Most of the data journals perform some kind of traditional peer review to guarantee a certain level of the papers’ quality but also to assert some quality of the datasets, in terms of utility and reusability; only few journals adopt an “open peer review” (suggestion of reviewers, community or interactive public peer review). (See endnote 20 [20] for an example of peer-review instructions.) There have also been critical voices about this activity (e.g., Huang, Hawkins and Qiao 2013).

At the end of 2019, the number of data journals and papers appears to increase slowly, on a low level. Garcia-Garcia, Borrul and Peset (2015) identified twenty pure data journals; four years later, the Schöpfel et al. (2019) sample consists of twenty-eight data journals and not all are still active and even pure (see below). Twenty-eight journals represent less than 0.01% of the academic and scholarly serials (source: Scopus). Arts, social sciences and humanities are nearly missing (two journals in 2015; four in 2019). The number of data papers progressed at a faster pace, from 846 in 2013 (Candela et al. 2015) to an estimated number of 11,500 data papers in 2019. Yet, this volume represents roughly 0.4% of the overall number of articles published in 2017 (source: Scopus).

Also, the interest of data papers and journals is not their volume but the fact that they clearly are a product of the emerging ecosystem of data-driven open science. Four aspects characterise this embeddedness in the new environment:

Business model: the dominant business model (gold OA with APCs) is different from the traditional and still prevailing serials landscape, and it appears already compliant with the requirements of the new plan S [21].
Reuse rights: most data journals allow publishing with an open license, often with generous reuse and remixing rights (e.g. CC-BY license and/or CC0 waiver).
Findability: the editorial model of data journals requires standard identifiers for the datasets, e.g. DataCite’s DOI, to guarantee (and increase) the findability of datasets; they also attribute DOIs to their own data papers, creating a kind of cross-linked DOI system between data papers and datasets (see below).
Interconnectedness: perhaps the most relevant aspect is the integration of data journals and papers in a complex structure of open access journal platforms and data repositories, academic communities, research projects, conferences etc. Interconnectedness requires interoperability between platforms and infrastructures but is more than technology, formats and standards, insofar it means new ways of doing science, including research management, research environment, workflows etc.

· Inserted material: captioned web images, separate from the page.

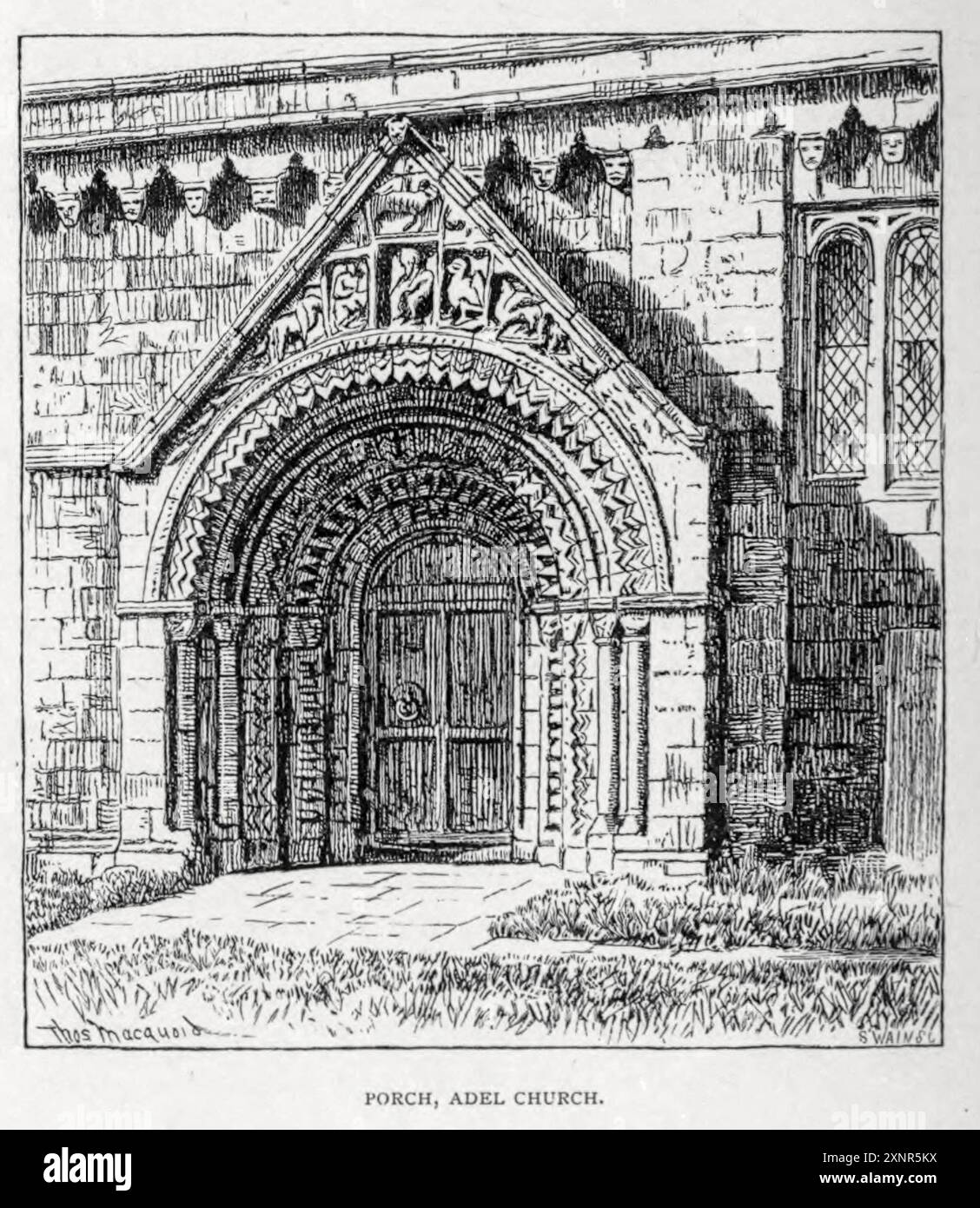 Porch, Adel Church Illustration von Thomas R. Macquoid Thomas Robert Macquoid (1820–1912) war ein produktiver Künstler, dessen Werke Ölgemälde und Aquarelle, Buchillustrationen und Entwürfe für Bucheinbände umfassten. Geboren in Brompton, London, lebte er sein ganzes Leben in der Hauptstadt Text by Katherine Macquoid, veröffentlicht 1894 Stockfoto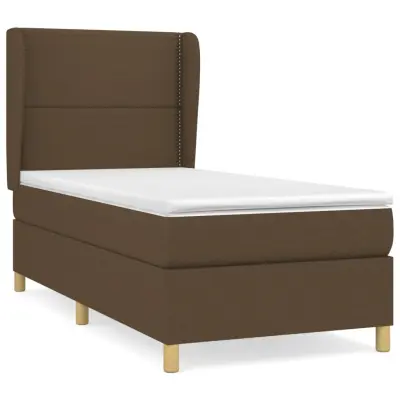 vidaXL Box spring postelja z vzmetnico temno rjava 90x200 cm blago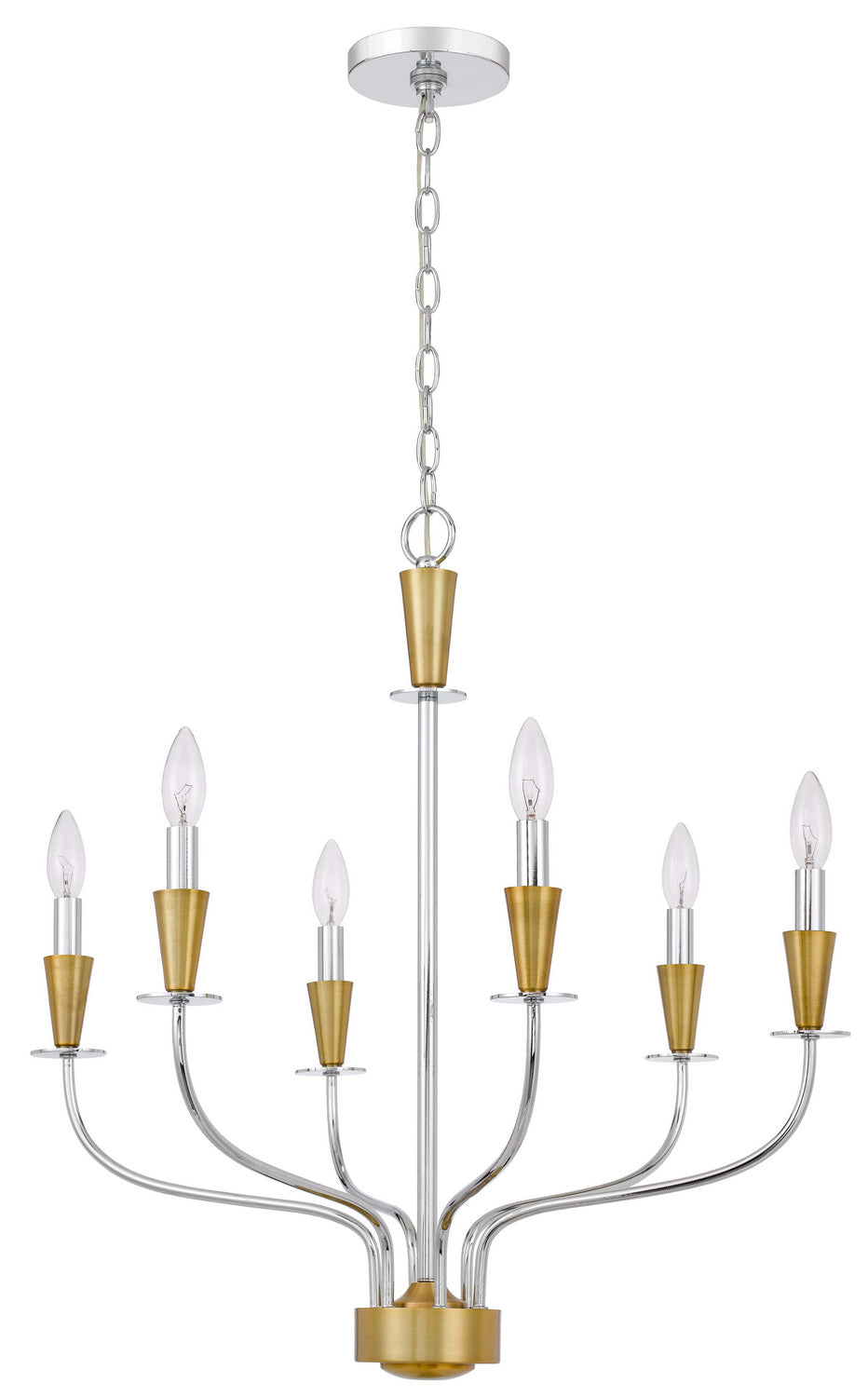 Cal Weston FX-3763-6 Chandelier Light - Chrome/ Satin Brass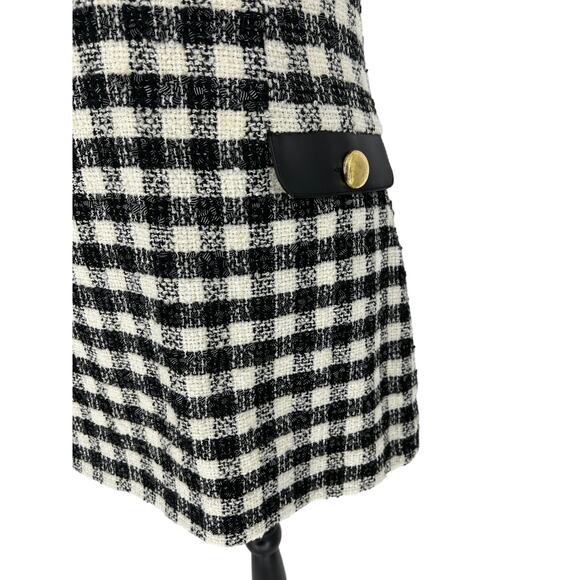 Rowen Rose Houndstooth Tweed Faux Leather Trimmed Mini Dress in Black - Picture 7 of 13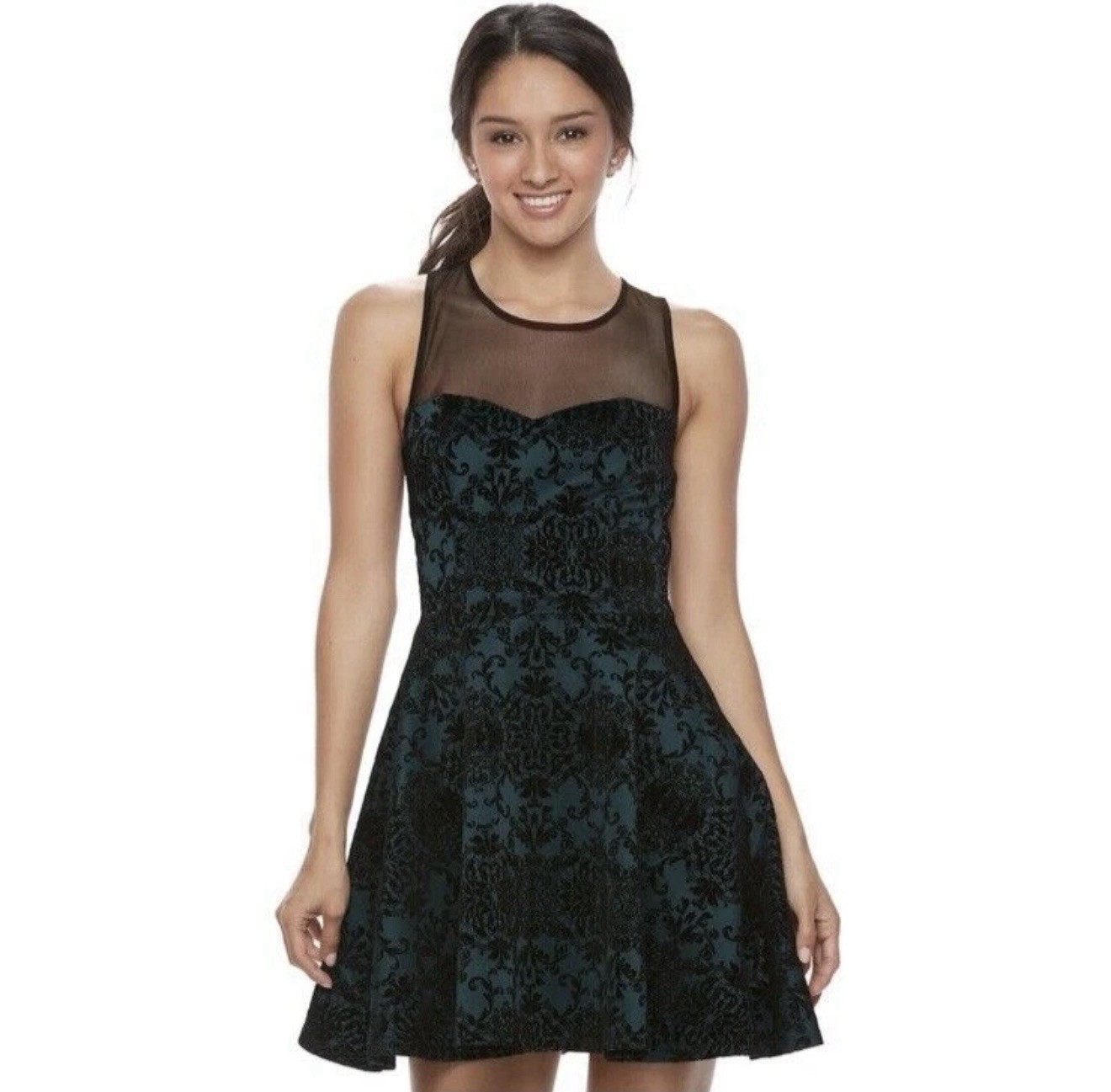 Trixxi Sleeveless Sz L Floral Velvet Black Teal Mesh Above Dress Artsy Fairy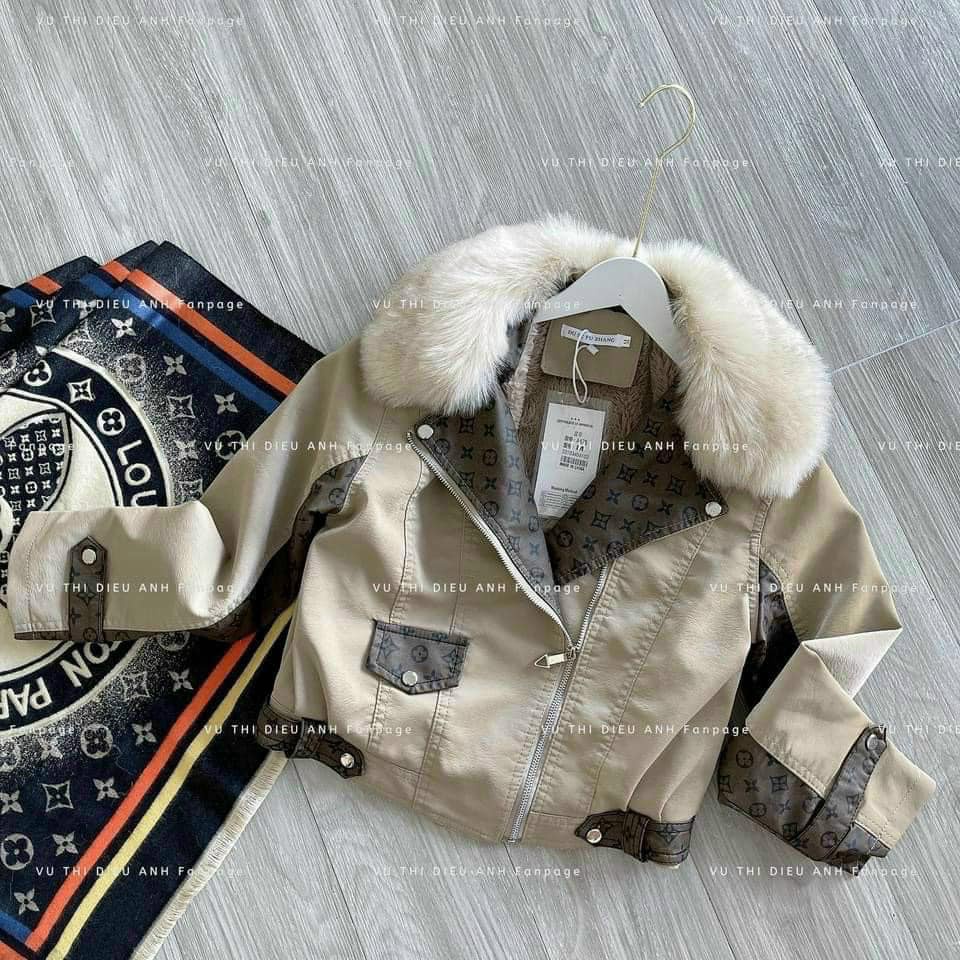 Áo khoác da nữ cổ lông họa tiết LV cao cấp SHOPSIEURE88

A fifth aspect, i.e. evaluation and selection, is already visible but still in transition and not dominant. Data journals replace the usual evaluation and selection procedure (double-blind peer review) by partly open single-blind peer review and, for already one out of five journals, by a kind of open peer review, including innovative community peer review and interactive public peer review. They can also contribute to the assessment of data value through the follow-up of citations (Belter 2014).

[top of entry]

5. Data papers

5.1 Definition and developments

Data papers are authored and citable articles in academic or scholarly journals. They are mostly, but not necessarily peer reviewed. Their main content is a description of published research datasets, along with contextual information about the production and the acquisition of the datasets, with the purpose to facilitate the findability, availability and reuse of research data; they are part of the research data management and crosslinked to data repositories.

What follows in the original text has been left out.